= Matt Godfrey (angler) =

Matthew Godfrey (born 1991) is an English angler hailing from Kiveton, near Sheffield, and a three time World Junior Champion of the sport.

==Biography==
Matt is a regular feature in the international set up and is the only person to have won the junior world title three times.

Matt began fishing at the age of just three years old, when he used to go and visit his grandparents who owned a caravan at Torksey in Lincolnshire. With the Fossdyke just a short walk from the site, it didn’t take Matt long to persuade his dad, Kevin to let him give fishing a try at the age of 3.

With most of his early years spent fishing venues around this area such as the Fossdyke, the Till and the Trent, it is not surprising that Matt has developed such an affinity to natural venues.

It was at a commercial that he was given his big break into team fishing however, when he met Glyn Williams at an open day at Shireoaks when he was eight years old. The Worksop coach took Matt under his wing, signing him up for the Worksop cadet team.

He fished his first national with the cadets aged 10 on the Bargate drain near Boston, helping the team to gold, and taking the individual bronze medal for himself.

Aged 12, he made it into cadet team yet again for the national on the River Nene in Peterborough, where he took both individual and team gold, cementing his place as one of the best up and coming anglers in the country.

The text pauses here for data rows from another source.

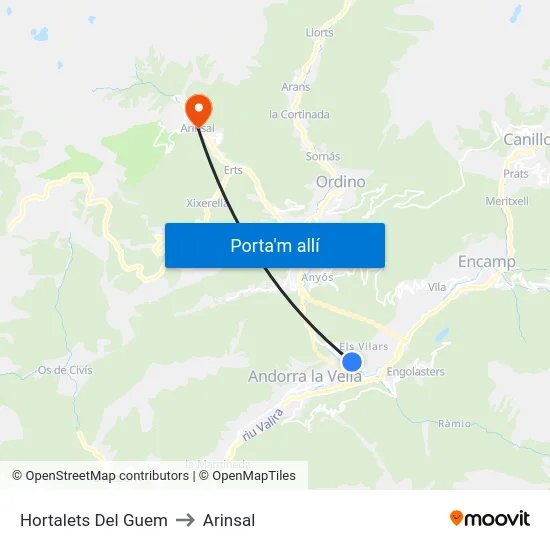 731-Hortalets Del Guem / Cementiri Del Pessebre to Arinsal map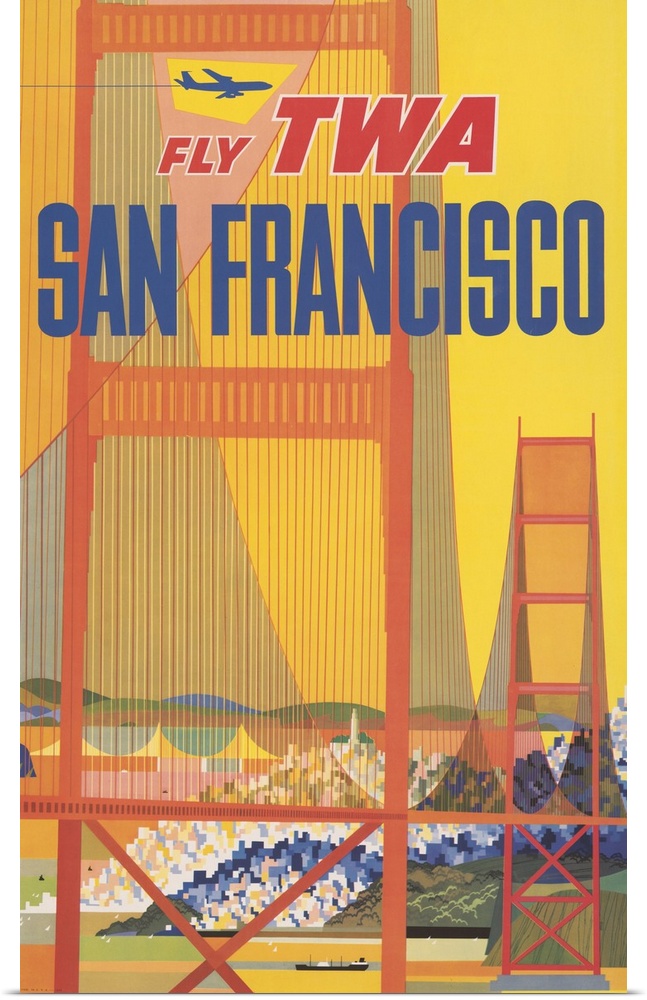 Vintage Travel Poster For Flying TWA To San Francisco With The Golden Gate Bridge, 1957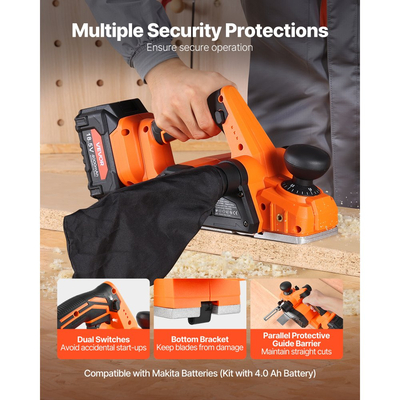 Ασύρματη πλάνη χειρός VEVOR, πλάτος κοπής 82 mm, ηλεκτρική πλάνη χειρός ξύλου 15000 σ.α.λ. με μπαταρία λιθίου 4 Ah 18V, κινητήρα χωρίς ψήκτρες, ρυθμιζόμενο βάθος κοπής, σακούλα συλλογής σκόνης, για ξυλουργική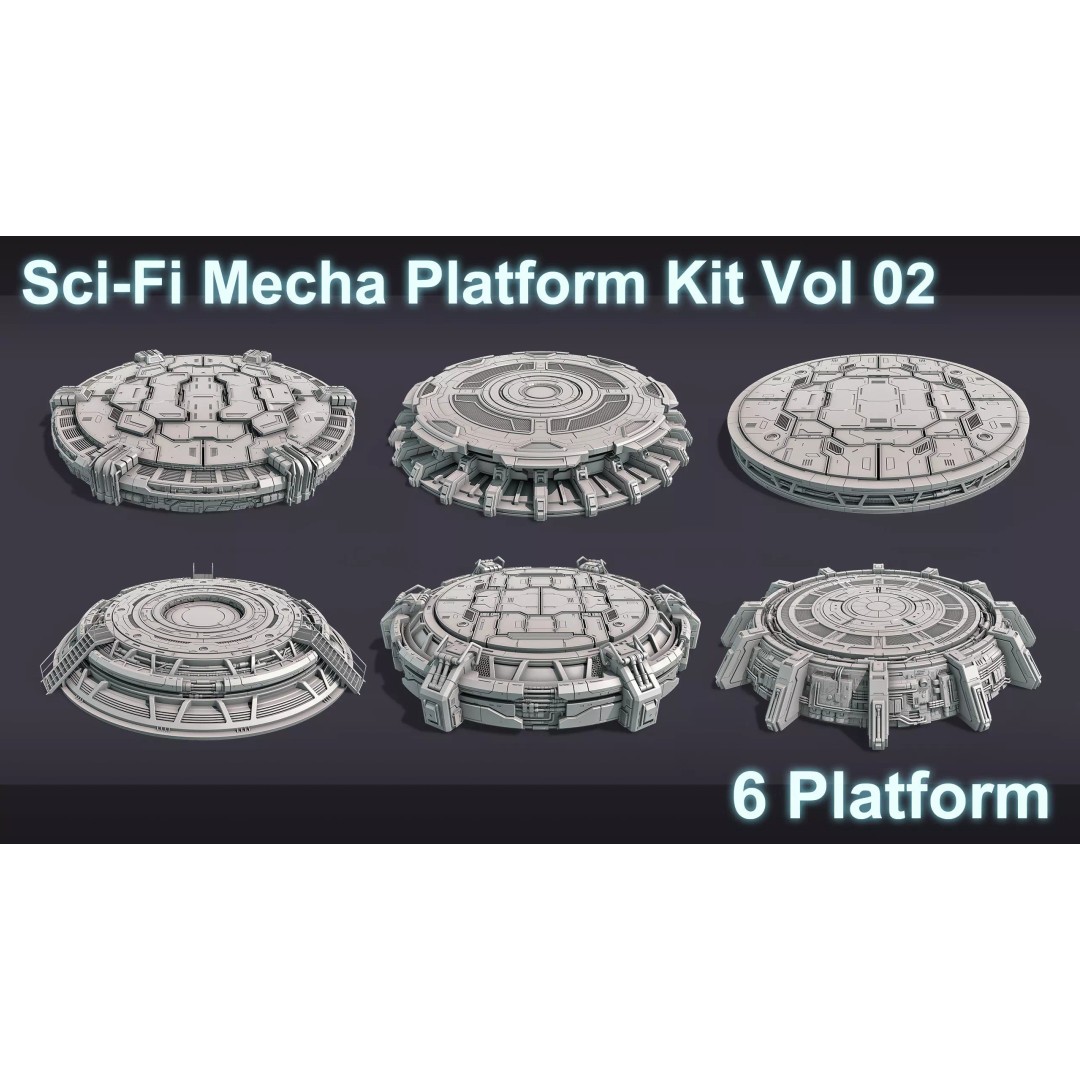 Sci-Fi Mecha Platform Kit 3D Model – Game-Ready Asset, FBX, Blender - View 2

The year after, the team struggled in the national, but in 2005, when Matt was 14, they bounced back yet again, taking team gold at Droitwich complex Woodlands View. This was also the year that Matt was first selected to represent his country in Serbia. The England teams did brilliantly this year, with both the juniors and intermediates taking team gold, with Matt taking the individual gold, and the intermediates also returning with an individual silver medal.

Following on from his success the year before, Matt was selected to captain the junior squad in 2006. The team took a bronze medal, with Matt finishing a respectable thirteenth individually on the Bridgewater canal

In 2007, Matt went on to secure his much documented second world title, taking the individual gold medal in the Czech republic. Other than his major success on the international stage, this year also saw Matt sign for Triana North.

In 2009, Matt finished second in the prestigious Angling Times Maver Pairs Final with Tom Scholey, and was snapped up by top northern match fishing team, Ultimate Barnsley Blacks, where he now fishes alongside some of the country's best anglers, including five times World Champion, Alan Scotthorne,

In 2010, Godfrey won the Individual Silver medal in his first ever U22 World Championship, at the age of just 18.

He has since completed a Geography degree at Sheffield University, and now works as Editorial Assistant on Pole Fishing Magazine, at David Hall Publishing.

Notable recent achievements include a 3rd-place finish in the 2013 Bait Tech Festival at White Acres, and victory in the Parkdean Pairs Festival with Tom Scholey.

On the other hand, he works on social media with Tackle Guru, on YouTube, TikTok, and other social medias, having near millions of followers.